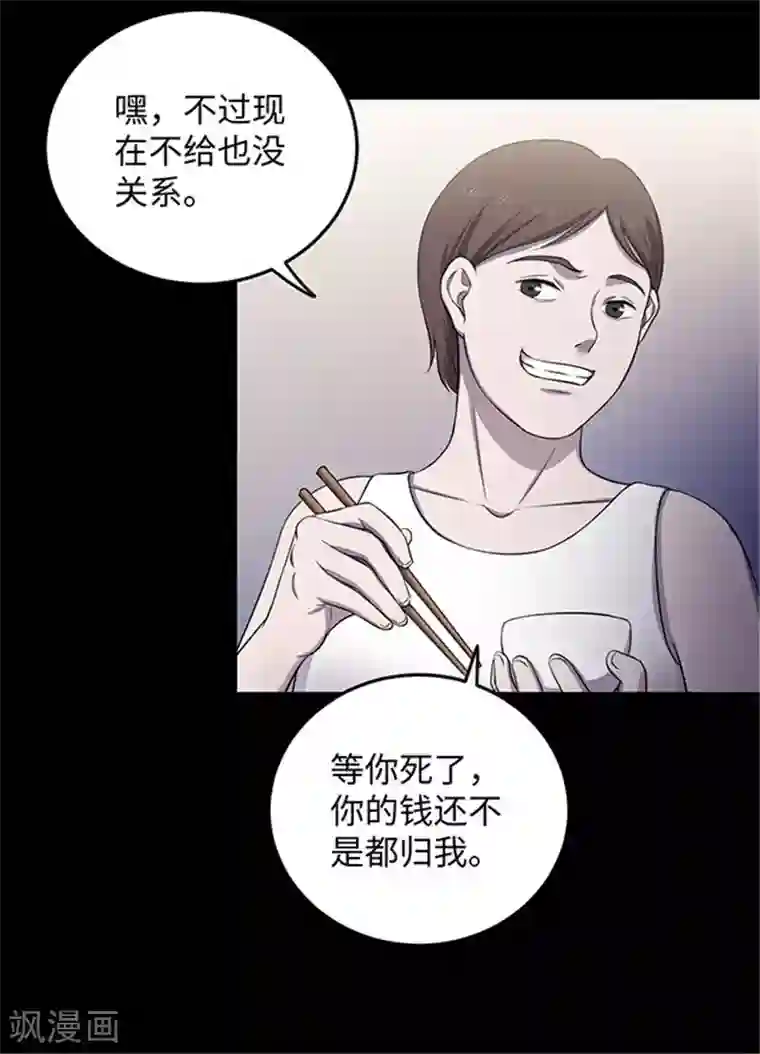 触手漫画之粘液触手第153话 懒人木耳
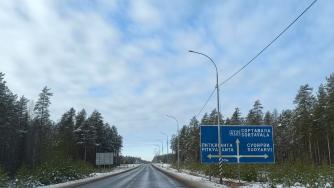 дорога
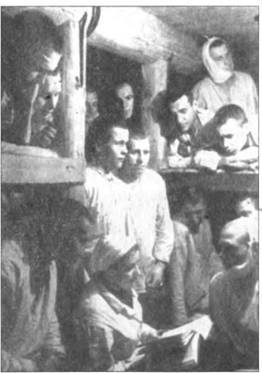 Обратная сторона войны i_004.jpg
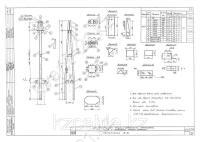 Тросостойка В-21 0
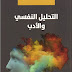 تحميل كتاب التحليل النفسي و الادب ترجمة و تقديم د حسن المودن PDF تحميل كتاب التحليل النفسي و الادب ترجمة و تقديم د حسن المودن PDF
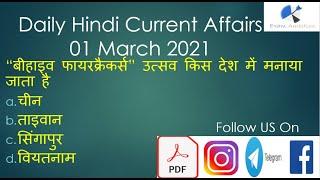 Current Affairs| Dose# 116| 01 March 2021|Daily Hindi Current Affairs| Exam Ambition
******
- [What to work on] The whole listing should be restated word for word, with no pictures.

- [Solved exercise]
 触手漫画之粘液触手第153话 懒人木耳
 дорога
 Обратная сторона войны i_004.jpg
 Тросостойка В-21 0
 تحميل كتاب التحليل النفسي و الادب ترجمة و تقديم د حسن المودن PDF تحميل كتاب التحليل النفسي و الادب ترجمة و تقديم د حسن المودن PDF
 Current Affairs| Dose# 116| 01 March 2021|Daily Hindi Current Affairs| Exam Ambition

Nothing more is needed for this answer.